Activity: Your answer must be the exact lines below, starting with the line with "So friends like" and going on through the line with "The HSI color", both included, with no pictures.

Data listing:
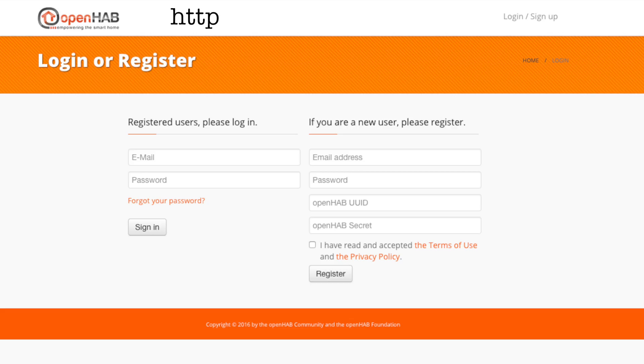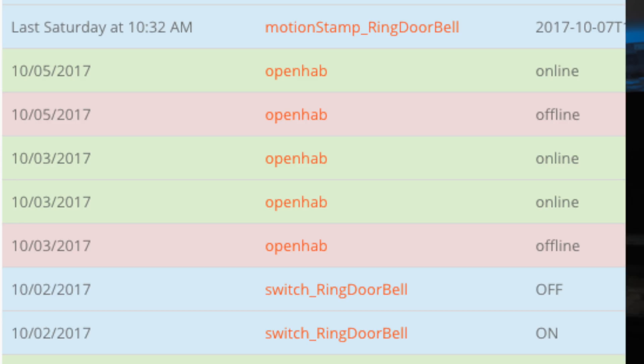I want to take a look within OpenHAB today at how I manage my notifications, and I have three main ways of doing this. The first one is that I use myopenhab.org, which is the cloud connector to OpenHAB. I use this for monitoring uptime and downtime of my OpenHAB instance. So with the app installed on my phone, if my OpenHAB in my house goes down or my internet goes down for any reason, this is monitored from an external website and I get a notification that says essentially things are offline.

...

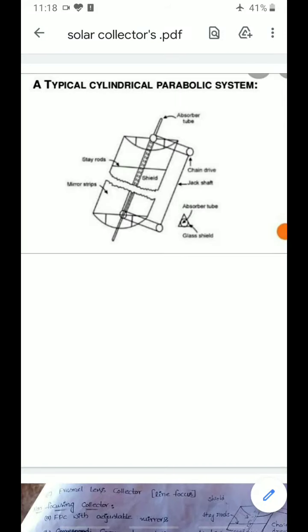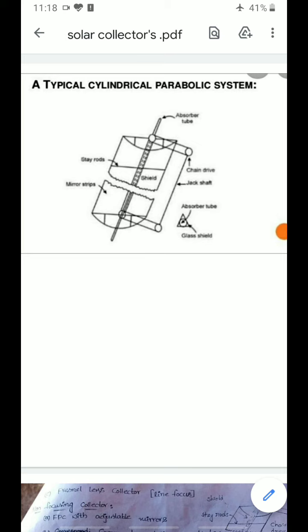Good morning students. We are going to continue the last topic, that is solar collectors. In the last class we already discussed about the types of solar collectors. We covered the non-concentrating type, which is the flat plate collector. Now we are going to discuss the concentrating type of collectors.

---

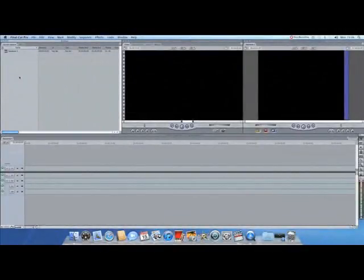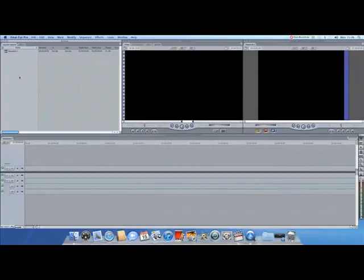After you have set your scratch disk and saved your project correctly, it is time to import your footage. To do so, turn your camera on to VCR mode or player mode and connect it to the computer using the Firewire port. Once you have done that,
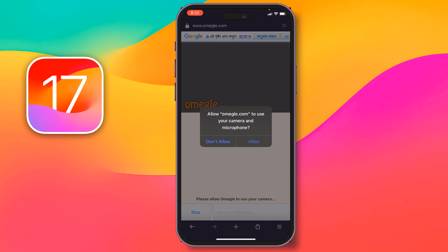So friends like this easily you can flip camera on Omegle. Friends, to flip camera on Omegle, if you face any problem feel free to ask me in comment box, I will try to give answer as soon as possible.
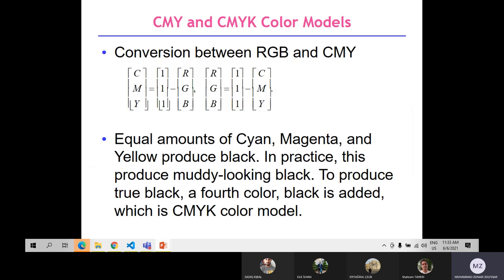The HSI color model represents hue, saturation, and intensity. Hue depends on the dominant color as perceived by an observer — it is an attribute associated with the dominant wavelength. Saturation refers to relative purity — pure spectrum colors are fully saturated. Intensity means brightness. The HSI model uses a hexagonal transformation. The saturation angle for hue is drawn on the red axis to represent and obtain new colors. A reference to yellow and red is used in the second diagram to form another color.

Written response:
So friends like this easily you can flip camera on Omegle. Friends, to flip camera on Omegle, if you face any problem feel free to ask me in comment box, I will try to give answer as soon as possible.
The HSI color model represents hue, saturation, and intensity. Hue depends on the dominant color as perceived by an observer — it is an attribute associated with the dominant wavelength. Saturation refers to relative purity — pure spectrum colors are fully saturated. Intensity means brightness. The HSI model uses a hexagonal transformation. The saturation angle for hue is drawn on the red axis to represent and obtain new colors. A reference to yellow and red is used in the second diagram to form another color.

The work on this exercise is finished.